当時、ロンドン近郊の田園都市であるサニングデール(Sunningdale)に住んでいたアガサ・クリスティーは、同年(1926年)12月3日、住み込みのメイドに対して、行き先を告げず、「外出する。」と伝えると、当時珍しかった自動車を自分で運転して、自宅を出たまま、行方不明となってしまう。

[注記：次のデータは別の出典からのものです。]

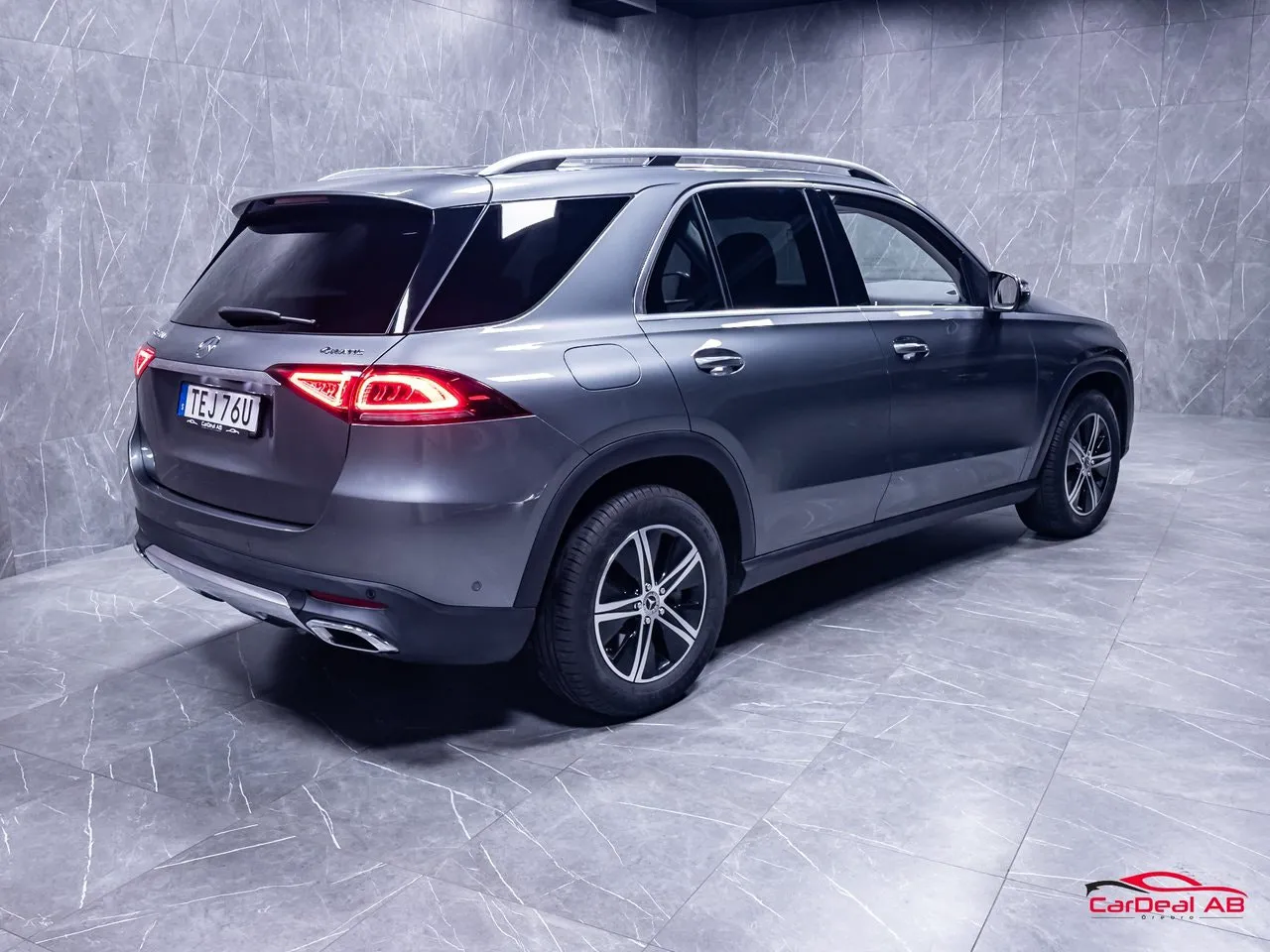 Vehicle image 6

「アクロイド殺し」がベストセラー化したことにより、有名人となった彼女の失踪事件は、世間の興味を非常に掻き立てた。警察は、彼女の行方を探すとともに、彼女が事件に巻き込まれた可能性も視野に入れて、捜査を進め、夫のアーチボルドも疑われることになった。マスコミは格好のネタに飛び付き、シャーロック・ホームズシリーズの作者であるサー・アーサー・イグナティウス・コナン・ドイル(Sir Arthur Ignatius Conan Doyle:1859年-193年)やピーター・デス・ブリードン・ウィムジイ卿(Lord Peter Death Bredon Wimsey)シリーズの作者であるドロシー・L・セイヤーズ(Dorothy Leigh Sayers:1893年ー1957年)等が、マスコミから求められて、コメントを出している。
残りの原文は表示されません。